With any product on the screen, tap "Advise Me" to see a graph showing a history of the product's price fluctuations. If you like the product but want to wait to buy, tap "Watch," and set the app to alert you at a future date or when the price moves up or down.
And since few apps now ignore the social aspects of every detail, you can use ShopAdvisor to share what you find via handy links to your text, Twitter, Facebook, or e-mail accounts.
If you're out at the store and want to compare the prices you find, buy on the fly, or keep a wish list that you can share, get an app such as eBay's Red Laser or Price Check by Amazon.
Using Price Check, for example, you can scan a bar code, take a photo of the product, or tap the "Say it" icon and speak the product name.
The app returns results for that product from Amazon.com and its large stable of related vendors, from whom you can buy on the spot - right under the nose of the store manager, should you feel so brazen. (This year, Best Buy and Target have said they would match some online prices, under certain conditions.) Sly old Amazon also asks you to "Share [the] in-store price with us." But that's an option.

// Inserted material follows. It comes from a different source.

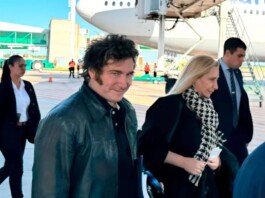 Milei recibe a Antony Blinken y luego viaja a EEUU a la cumbre de Donald Trump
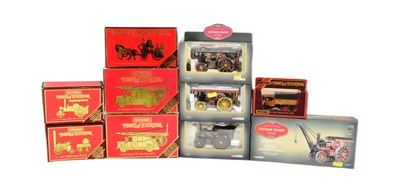 Lot 272 - DIECAST - VINTAGE CORGI & MATCHBOX DIECAST MODELS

And, of course, you can notify your social-media contacts with all the particulars.
A crowd-sourcing app, iSlick, is for hunting down and sharing online and off-line freebies and other deals. From a built-in browser, you may simply tap an image or text on a website, then fill in some blanks with your own thoughts on the "Review" screen, and submit that deal for other users of the app, provided by Lanuta.
For off-line deals and sales - like the one I saw for a $3,000 fuel card with purchase of a natural-gas-powered Honda Civic - take a photo and submit information about the deal.
You can browse deals from the "Frontpage" or tap "Categories" to drill down for stuff you are interested in.